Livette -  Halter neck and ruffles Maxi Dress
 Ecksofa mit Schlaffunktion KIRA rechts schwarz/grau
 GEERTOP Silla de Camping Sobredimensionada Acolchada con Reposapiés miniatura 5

——————————

Work item - Would you copy the whole listing exactly?

Answer to this exercise -
Livette -  Halter neck and ruffles Maxi Dress
 Ecksofa mit Schlaffunktion KIRA rechts schwarz/grau
 GEERTOP Silla de Camping Sobredimensionada Acolchada con Reposapiés miniatura 5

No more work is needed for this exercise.